Task objective =>
In the entries below, find the line with "Kikka Boo auto" and the line with "Mehdi et les soirées cover art"; reproduce those two lines and all lines between them exactly, without pictures.

Input material =>
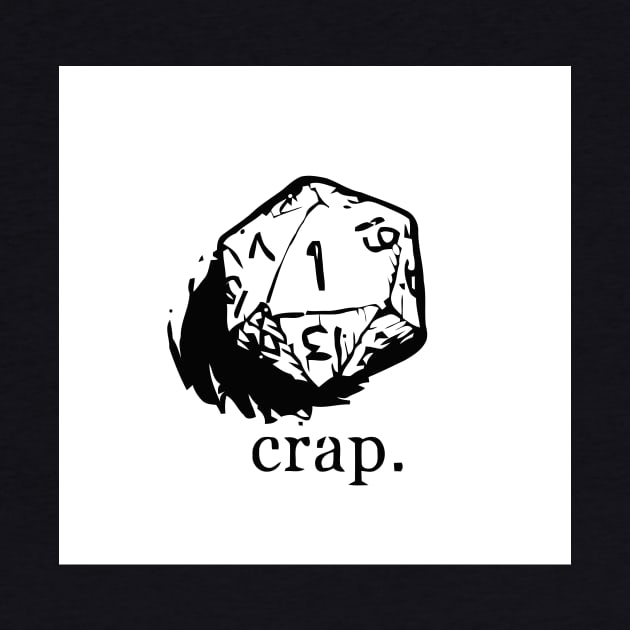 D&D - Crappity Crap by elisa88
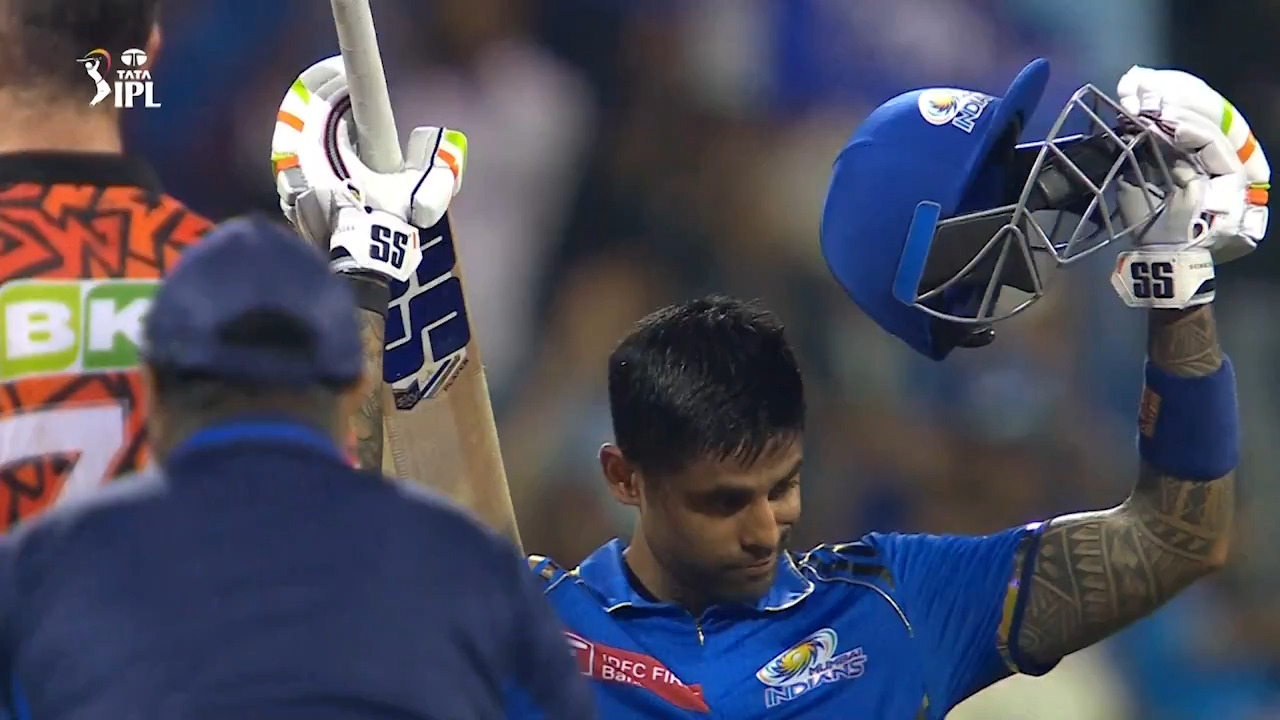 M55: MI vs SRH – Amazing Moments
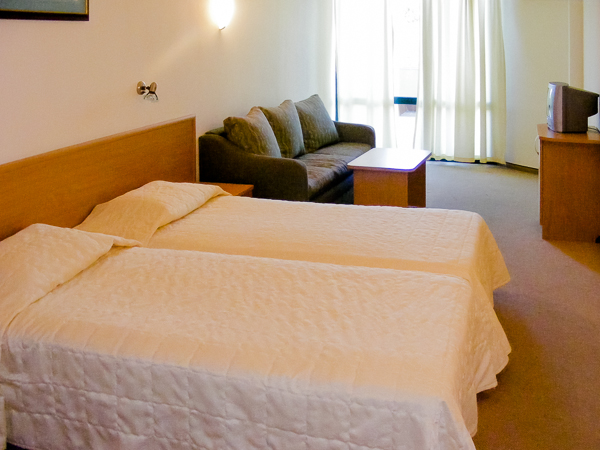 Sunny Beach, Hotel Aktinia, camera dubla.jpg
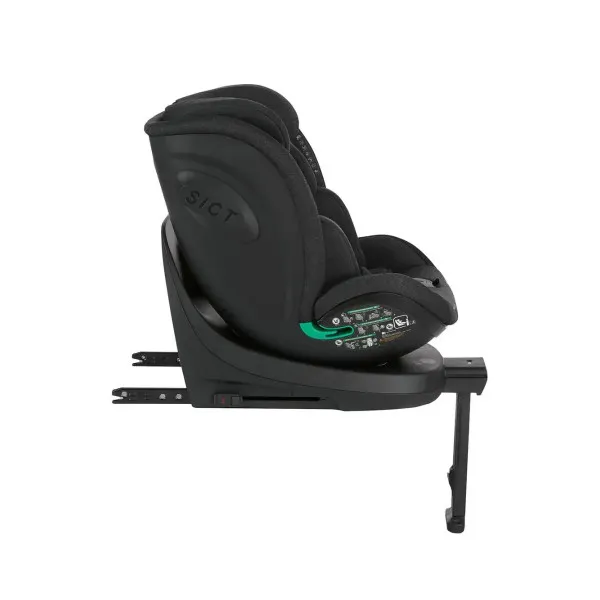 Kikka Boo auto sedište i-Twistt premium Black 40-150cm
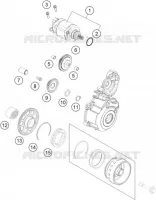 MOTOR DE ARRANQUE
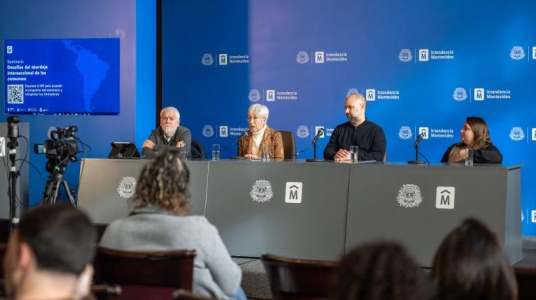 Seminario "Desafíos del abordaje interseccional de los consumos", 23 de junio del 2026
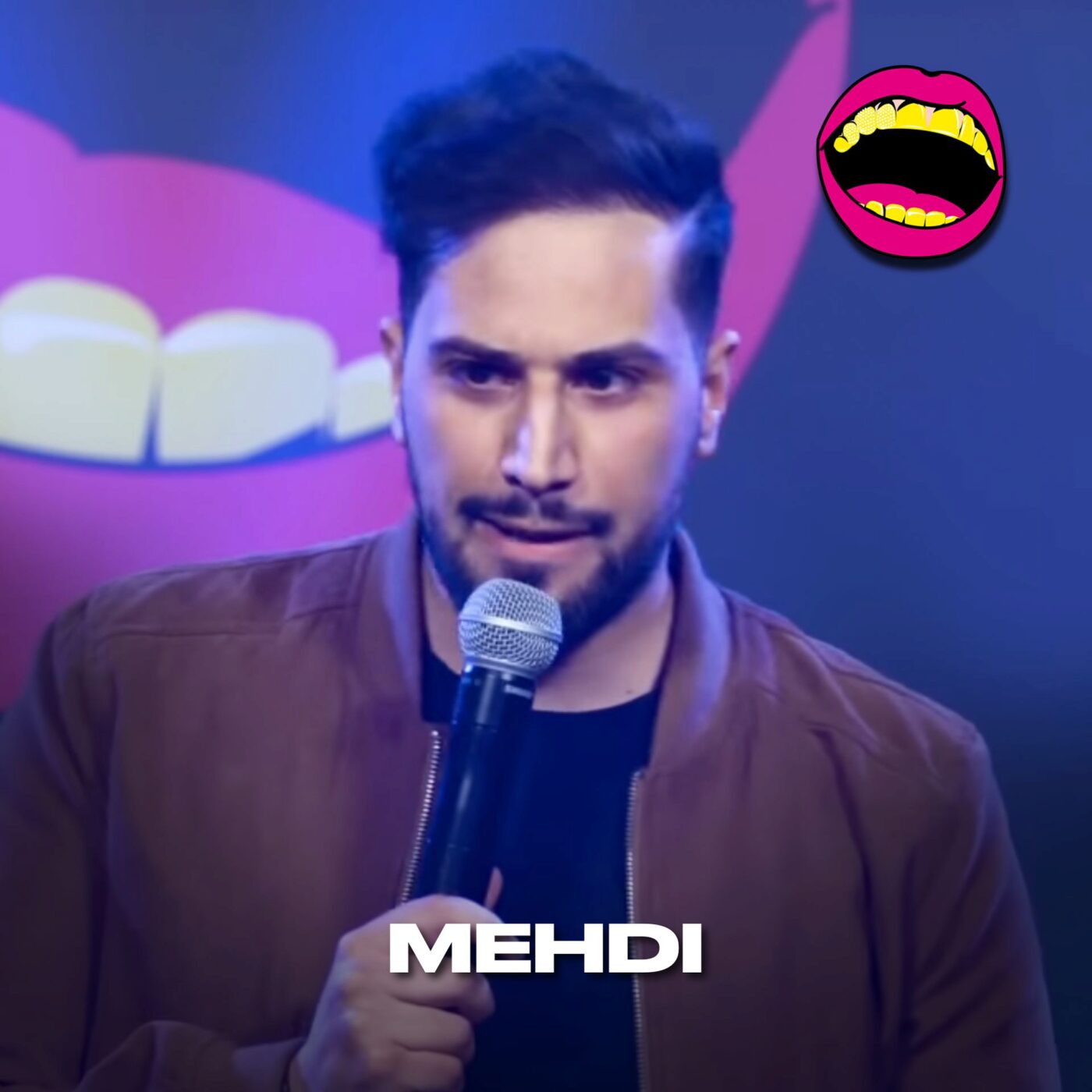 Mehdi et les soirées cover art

* * *

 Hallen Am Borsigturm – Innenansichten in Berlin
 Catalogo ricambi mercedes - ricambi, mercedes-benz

Written response =>
 Kikka Boo auto sedište i-Twistt premium Black 40-150cm
 MOTOR DE ARRANQUE
 Seminario "Desafíos del abordaje interseccional de los consumos", 23 de junio del 2026
 Mehdi et les soirées cover art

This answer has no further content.